Senza l'Europa non si fanno missioni di pace

HERVÉ LADSOUS *

Con una sola mano non si può fare un nodo, recita un vecchio adagio. Nessuna massima è più calzante per quanto riguarda le missioni di pace dell’Onu. Un’operazione di peacekeeping di successo richiede che molte mani si uniscano in questo sforzo cruciale: la mano legiferante del Consiglio di Sicurezza, le mani generose di Paesi che forniscono volontariamente le truppe, la polizia e le risorse, e la mano accogliente del Paese ospitante.

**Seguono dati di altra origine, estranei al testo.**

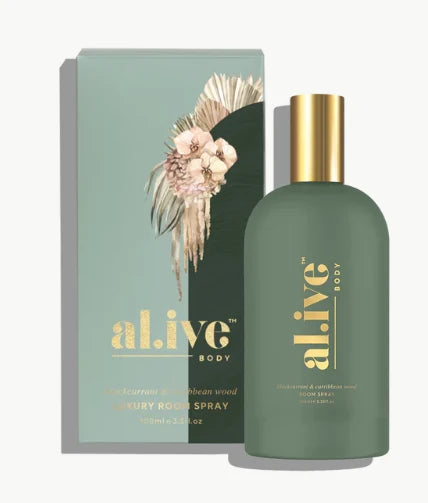 Al.ive Room Spray Blackcurrant and Caribbean Wood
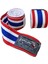 83818 Thailand Bayraklı 5 Metre Elastik Bandaj Boks Bandajı Muay Thai Bandajı Kick Boks Bandajı 1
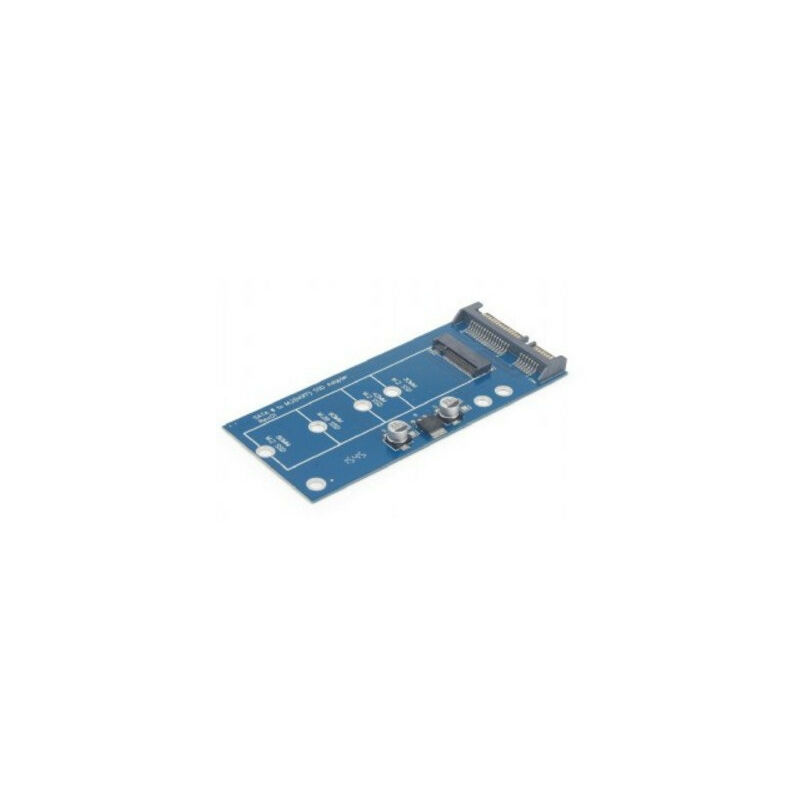 cablexpert Carte adaptateur M.2 NGFF vers Micro SATA 1.8 SSD (EE18-M2S3PCB-01)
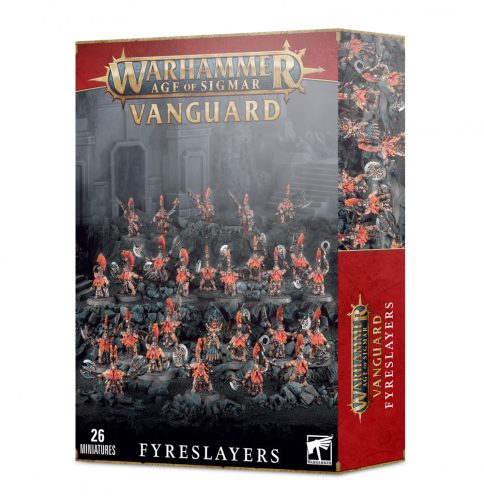 Spearhead / Vanguard: Fyreslayers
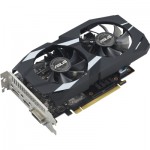 Огляд Відеокарта ASUS GeForce GTX1650 4096Mb DUAL OC D6 P EVO (DUAL-GTX1650-O4GD6-P-EVO): характеристики, відгуки, ціни.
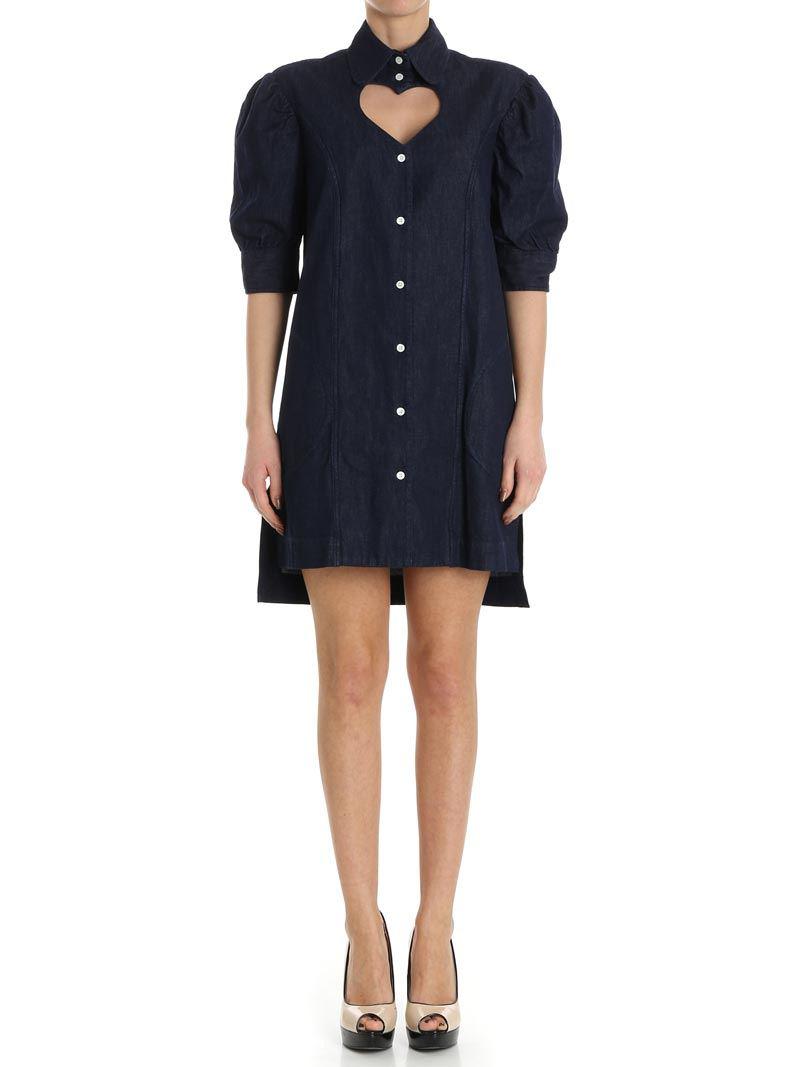 vivienne westwood denim dress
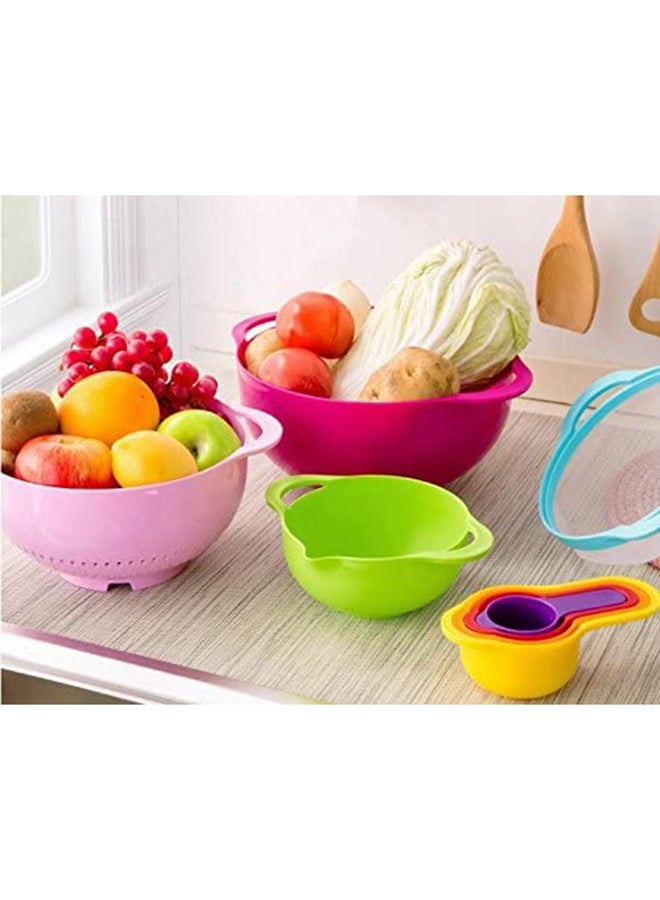 8-Piece Mixing Bowl Set Multicolour - v1597841383/N19472443A_6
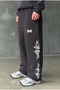 Winter-Serline Premium Fully Embroidered Adjustable Leg Baggy Tracksuit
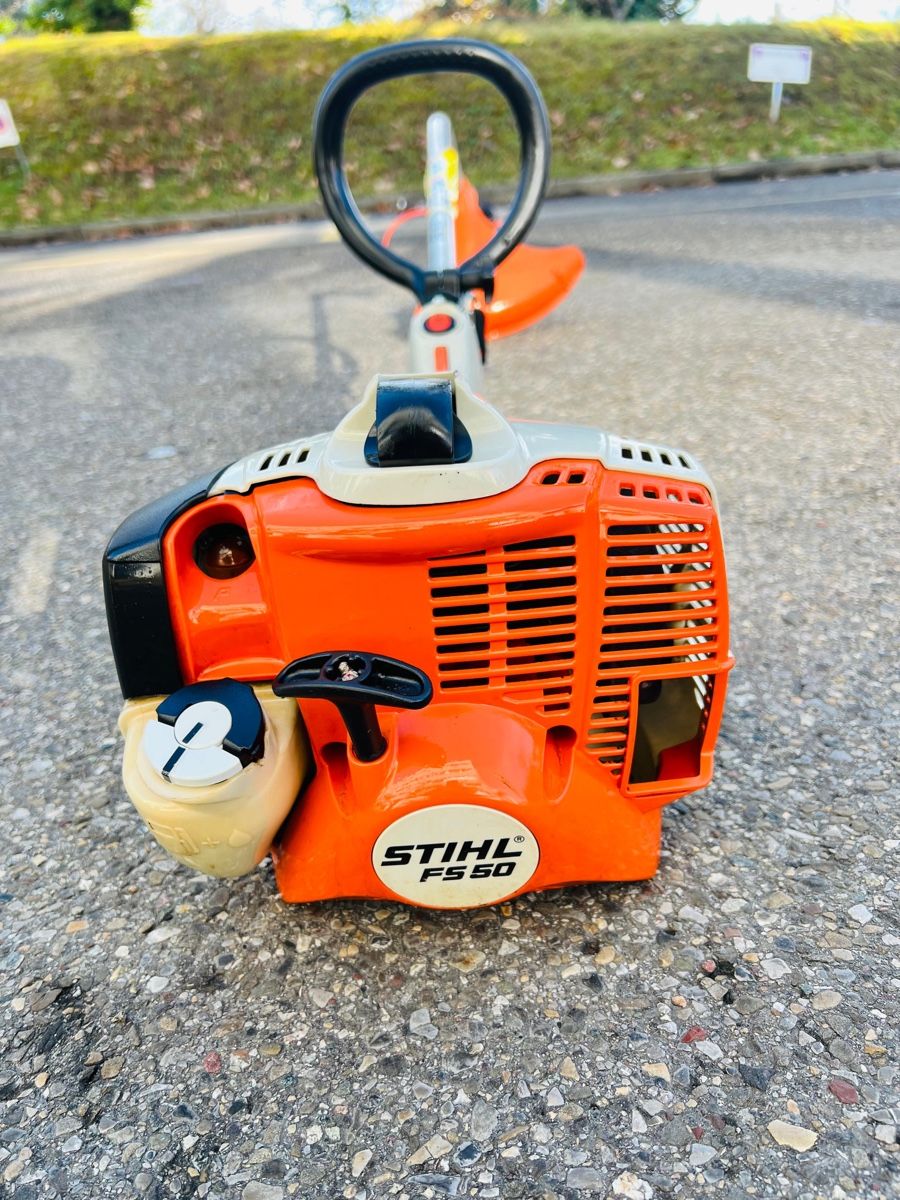 Stihl Alle Werkzeuge: Rasentrimmer Stihl FS 50 neu Model – Gebraucht aus Urdorf von mas_5wfz 1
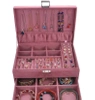 Cutie mare organizator, cutie dubla pentru bijuterii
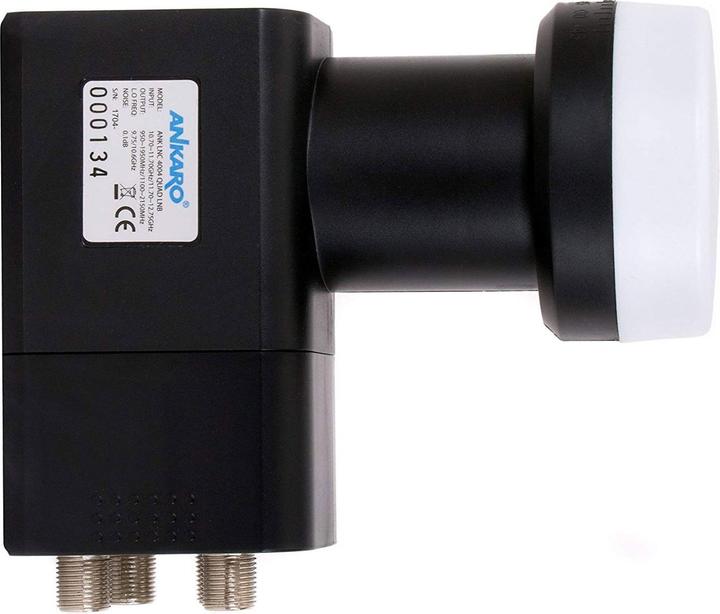 Immagine prodotto Humax LNB 106 Gold Quattro (Quattro LNB, 40mm)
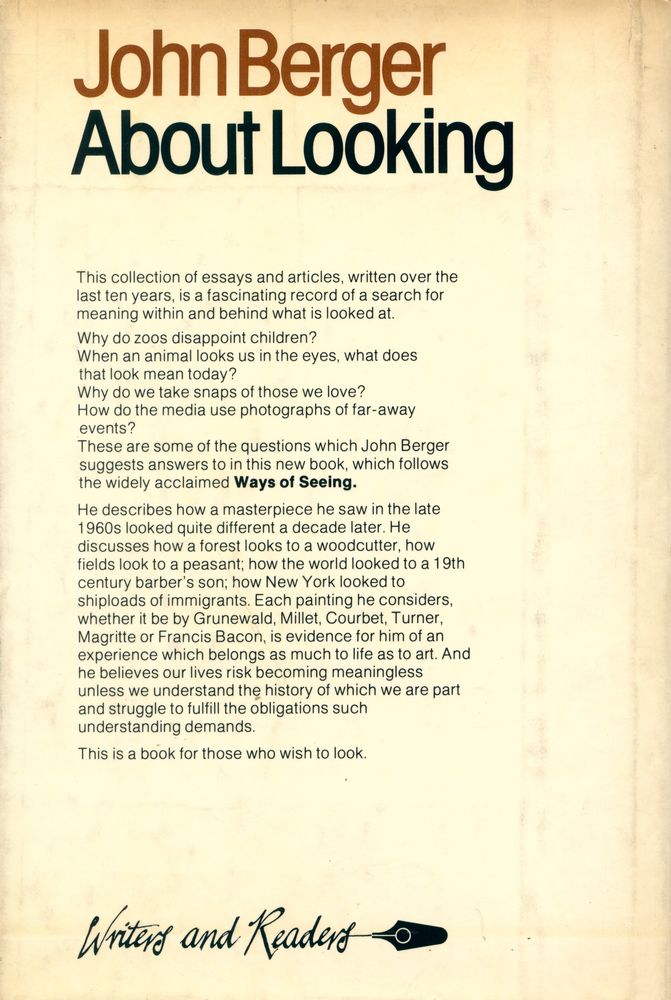 『About Looking』 3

Il ruolo di mantenimento della pace delle Nazioni Unite è una partnership globale e l’Europa è uno dei suoi attori vitali. Il contributo del continente al ruolo di peacekeeping dell’Onu è vario e forte. Al Consiglio di Sicurezza e all’Assemblea Generale, i Paesi europei sono coinvolti nelle decisioni sui mandati delle missioni e i budget. Sono anche tra i nostri maggiori contribuenti finanziari, fornendo circa il 40 per cento del bilancio di peacekeeping delle Nazioni Unite. Come membri permanenti del Consiglio di Sicurezza Francia e Regno Unito pagano una quota maggiore delle spese per le nostre forze di pace. Ogni giorno ci affidiamo alla generosità dei membri europei della famiglia delle Nazioni Unite. Operativamente, le percentuali delle truppe e della polizia dei paesi europei sono relativamente modeste, poco meno del sette per cento delle truppe di pace dell’Onu. Ma il contributo significativo delle truppe europee nella Forza di interposizione in Libano delle Nazioni Unite (Unifil) indica l’importante impatto che possono avere nelle operazioni di peacekeeping delle Nazioni Unite.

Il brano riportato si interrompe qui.